### Your task
Could you output, word for word, only the lines from the line with "MONNALISA Vestido corto" to the end of the entries, including both ends? Omit the pictures.

Crawled caption data
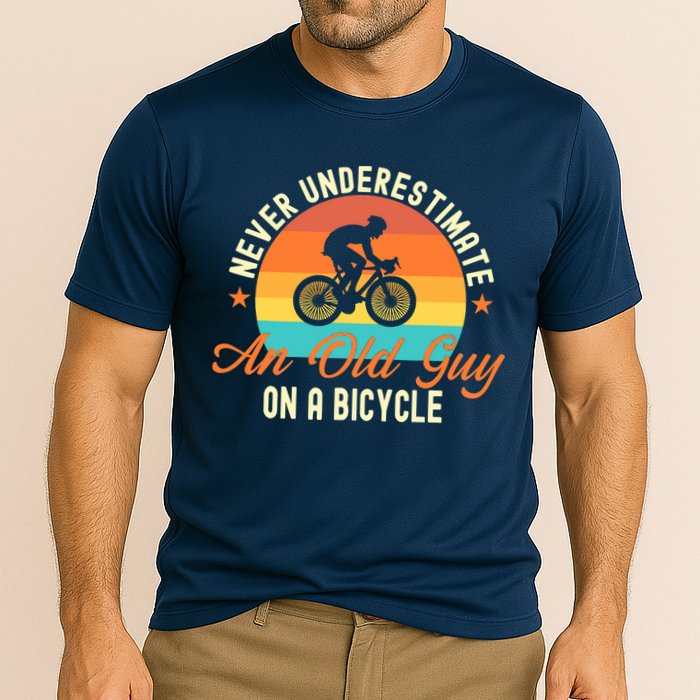 Never Underestimate An Old Guy On A Bicycle Cycling Cooling Performance Crew T-Shirt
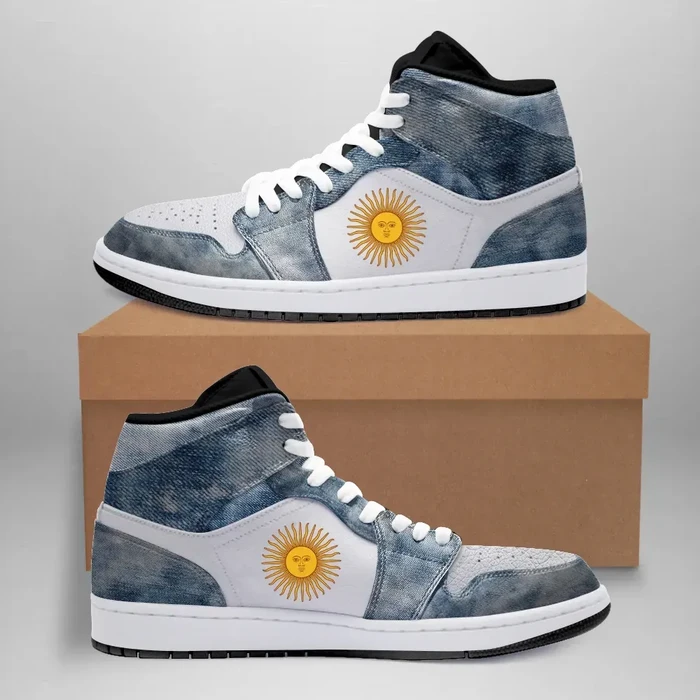 Argentina High Sneakers Air Jordan 1 - Washed Denim JD1 Shoes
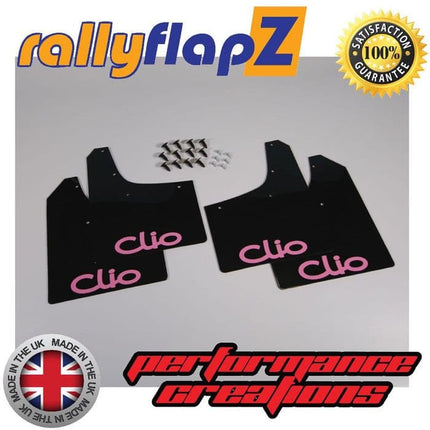 CLIO MK2 (1998-2005) BLACK MUDFLAPS (Logo Baby Pink) - Car Enhancements UK
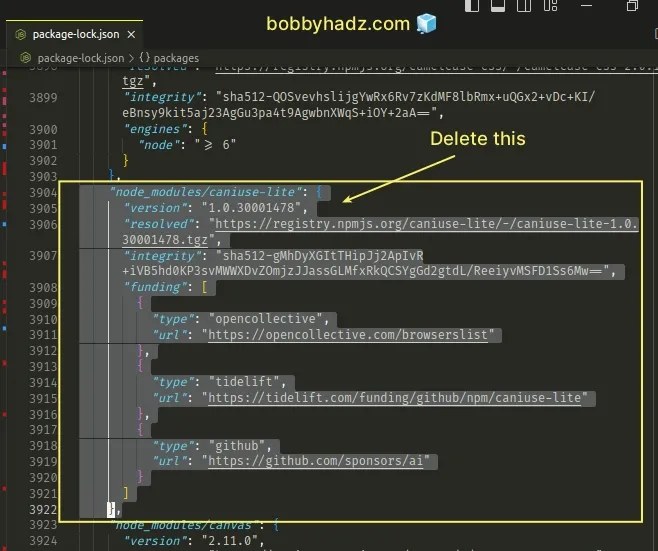 delete only caniuse lite entry from package lock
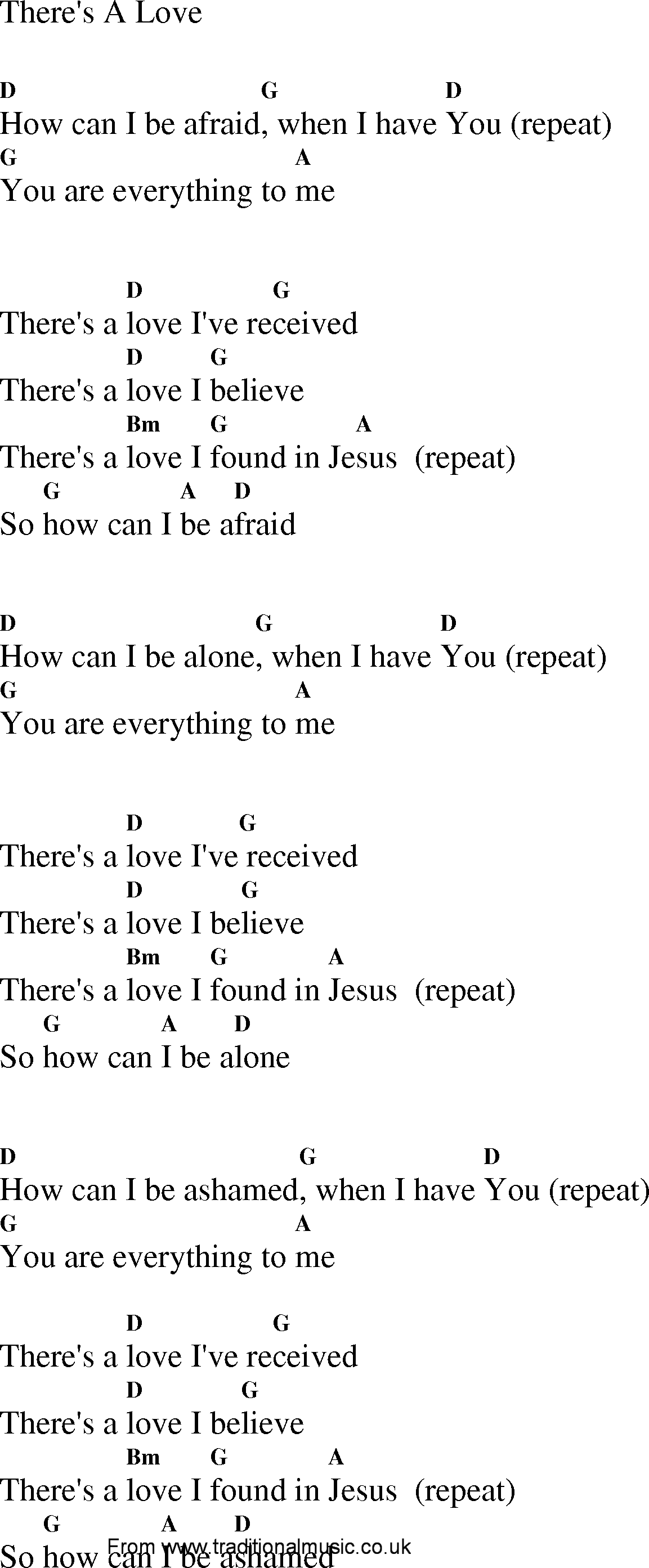 Gospel Song: theres_a_love, lyrics and chords.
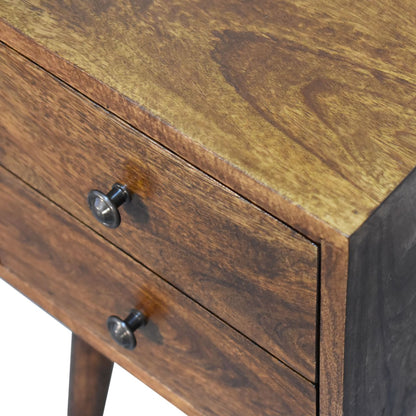 Small Chestnut 2 Drawer Nordic Nightstand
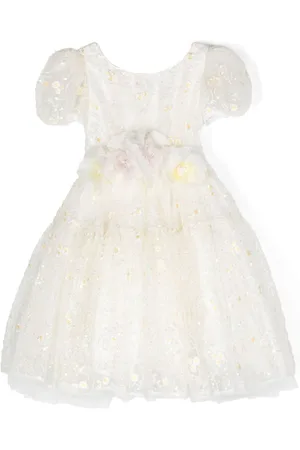 MONNALISA Vestido corto con apliques florales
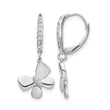 14k White Gold Diamond Butterfly Leverback Earrings - Birthstone Company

### Response to this exercise
 MONNALISA Vestido corto con apliques florales
 14k White Gold Diamond Butterfly Leverback Earrings - Birthstone Company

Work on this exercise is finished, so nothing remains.